### Exercise details
Your answer should hold only the lines from the start of the data below through the line with "Women's Cartoon Dog", copied exactly, with pictures left out.

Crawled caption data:
________
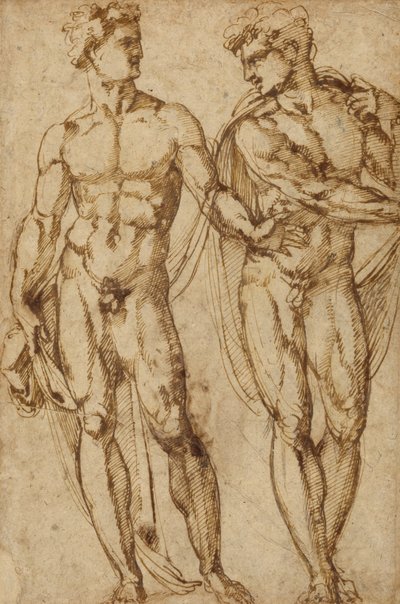 Studie van twee mannen (recto); Studie van het hoofd van een man met baard (verso) door Baccio Bandinelli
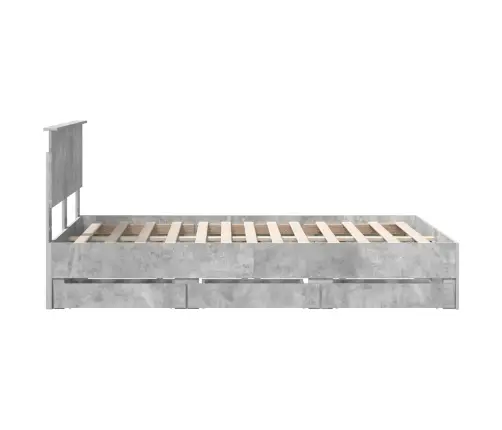 Gultas Rāmis Betona Pelēks 120 X 190 Cm Inženieru Koks Vidaxl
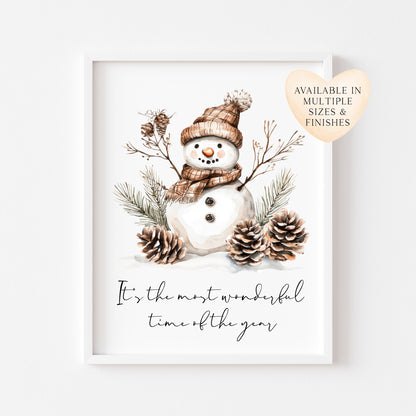 It's the most wonderful time of the year neutral beige brown snowman winter foliage unframed wall art poster print
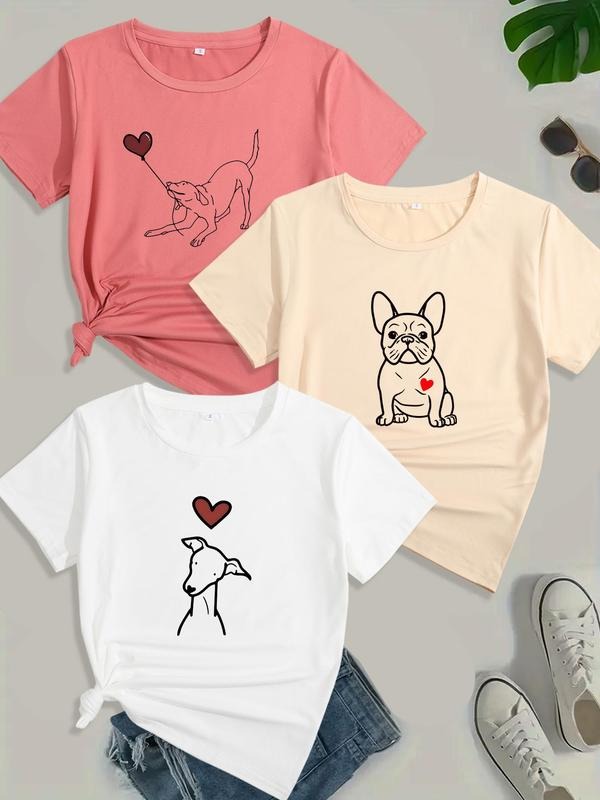 Women's Cartoon Dog & Heart Print Round Neck Tee, Casual Short Sleeve T-shirt for Daily Wear, Ladies Clothes for All...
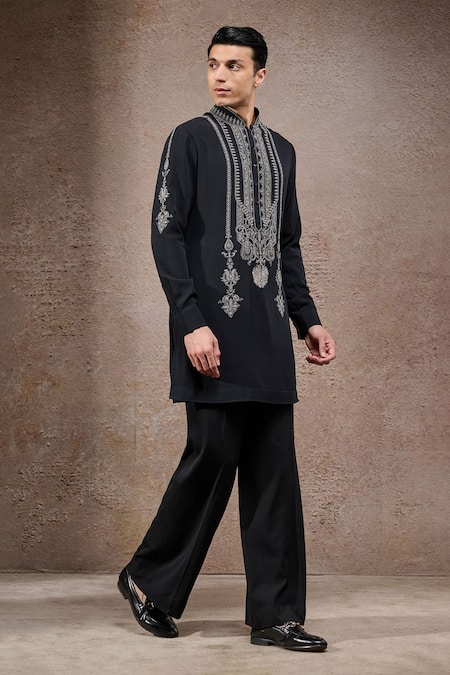 Tarun Tahiliani_Black Georgette Embroidery Designer Ivory-black Kurta And Trouser Set _Online_at_Aza_Fashions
________
### The answer
 Studie van twee mannen (recto); Studie van het hoofd van een man met baard (verso) door Baccio Bandinelli
 Gultas Rāmis Betona Pelēks 120 X 190 Cm Inženieru Koks Vidaxl
 It's the most wonderful time of the year neutral beige brown snowman winter foliage unframed wall art poster print
 Women's Cartoon Dog & Heart Print Round Neck Tee, Casual Short Sleeve T-shirt for Daily Wear, Ladies Clothes for All...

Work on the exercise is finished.